Брейер чувствовал, как растет напряжение. Вопросы Ницше ввинчивались в него; он не был защищен от них. Он едва мог дышать. Грудь, казалось, вот вот разорвется. Он остановился и сделал три глубоких вдоха, прежде чем отвечать.

«Эти вопросы — вы знаете на них ответы! Нет, я не выбирал! Нет, я не жил так, как я хотел! Я жил назначенной мне жизнью. Я — истинный я — был закован в эту жизнь».

«А это, Йозеф, я уверен, и есть первопричина вашего Angst. Прекордиальное давление мучает вас потому, что грудь вашу разрывает эта не прожитая вами жизнь. И сердце ваше отстукивает время. А скупость времени неизбывна. Время берет, берет — и никогда ничего не отдает обратно. Как ужасно слышать, что вы прожили назначенную вам жизнь! И как ужасно встречаться со смертью, никогда не высказав даже претензии на свободу при всех с этим связанных опасностях!»

Ницше взобрался на свою кафедру, голос проповедника звенел. Брейера окутала волна разочарования; он знал, что это ему не поможет.

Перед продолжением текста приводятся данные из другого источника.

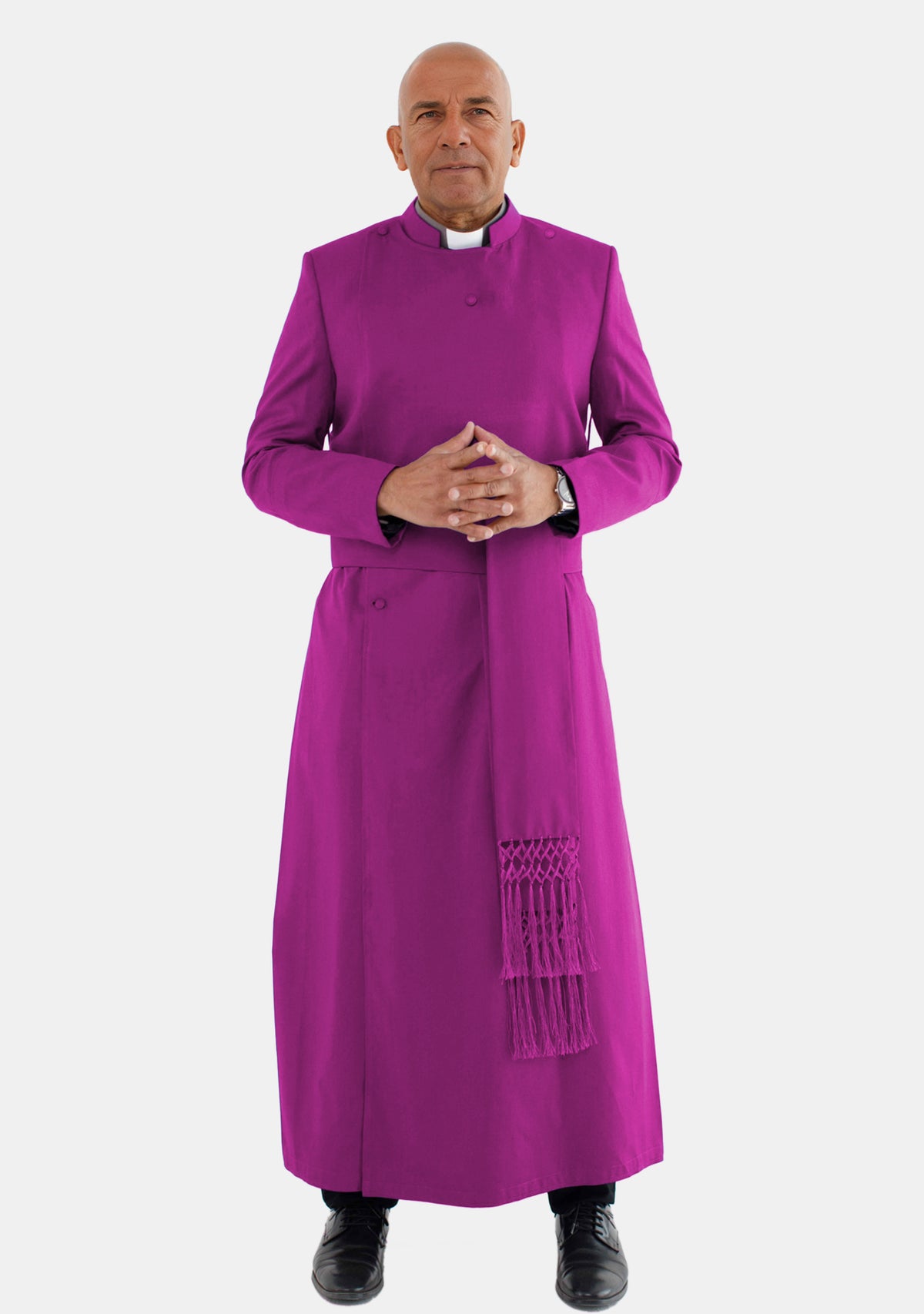 Onesimus Red Purple Anglican Cassock for Men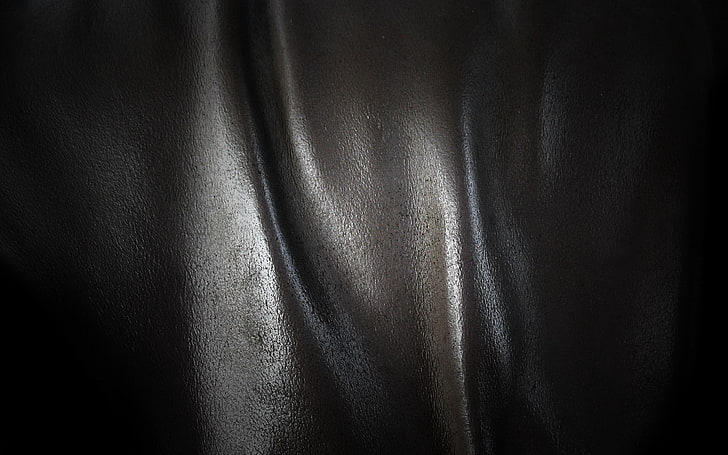 Green Leather Texture, softness, closeup, dark, satin Free HD Wallpaper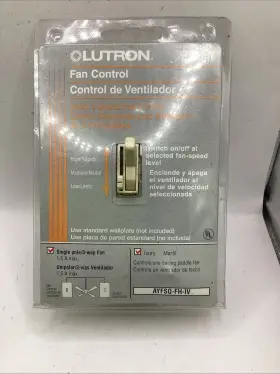 Ayfsq-fh-iv LUTRON Fan Control Switch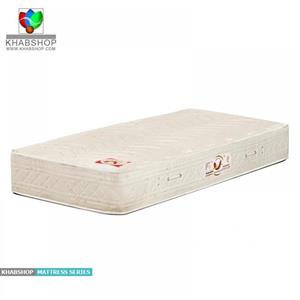 تشک یک نفره  خوشخواب سفید / کرم مدل باراباس - سایز 100*200 Khoshkhab Single Size 100 x 200 Cm Mattress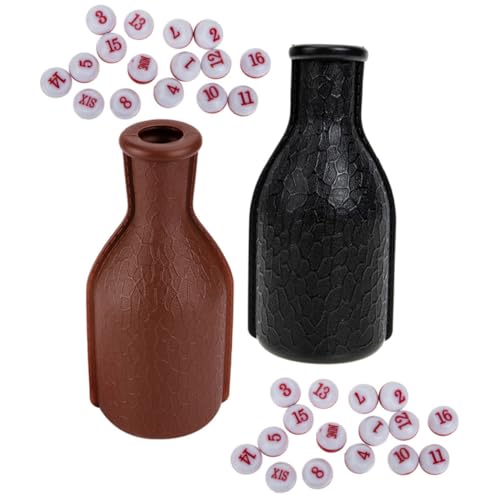 VICASKY 2 Sätze Billard Shaker Flaschen und Nummerierte Kunststoffwürfel Tragbares Billardzubehör für Snooker und Pool Leicht Langlebig für Zuhause und Partyspaß VICASKY 2 Sätze Billard Shaker Flaschen und Nummerierte Kunststoffwürfel Tragbares Billardzubehör für Snooker und Pool Leicht Langlebig für Zuhause und Partyspaß von VICASKY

«Фридрих, — сказал он, — это все высокопарные фразы. Я восхищаюсь ими. Они трогают мою душу. Но они далеки, безнадежно далеки от моей жизни. Что такое претензия на свободу в моей повседневной жизни? Как я могу обрести свободу? Я не вы — одинокий молодой человек, отказавшийся от душащей его университетской карьеры. Мне уже поздно этим заниматься! У меня семья, подчиненные, пациенты, студенты. Уже слишком поздно! Мы можем проговорить всю жизнь, но я не могу изменить свою жизнь — она слишком плотно переплелась с нитями других жизней».

Повисла долгая пауза, которую нарушил усталый голос Брейера: «Но я не могу спать, а сейчас я не могу терпеть боль этого давления в моей груди».

Ледяной ветер трепал его пальто, он дрожал и заматывал потуже шарф на шее.

Ницше, что редко случалось, взял его под руку. «Друг мой, — прошептал он, — я не могу сказать вам, как нужно жить по другому, потому что даже если я сделаю это, вы все равно будете жить по своему. Но, Йозеф, я все таки могу кое что сделать для вас. Я могу подарить вам подарок, сильнейшую мою идею, мысль из мыслей. Возможно, она вам будет уже чем то знакома, так как я вкратце отметил ее в «Человеческое, слишком человеческое». Эта мысль станет ведущей силой моей следующей книги, может, всех моих следующих книг». — Его голос стал ниже, приобретая формальный торжественный тон, который словно бы объявлял кульминацию всего, происходившего ранее. Мужчины шли рука об руку. Брейер в ожидании слов Ницше смотрел прямо перед собой.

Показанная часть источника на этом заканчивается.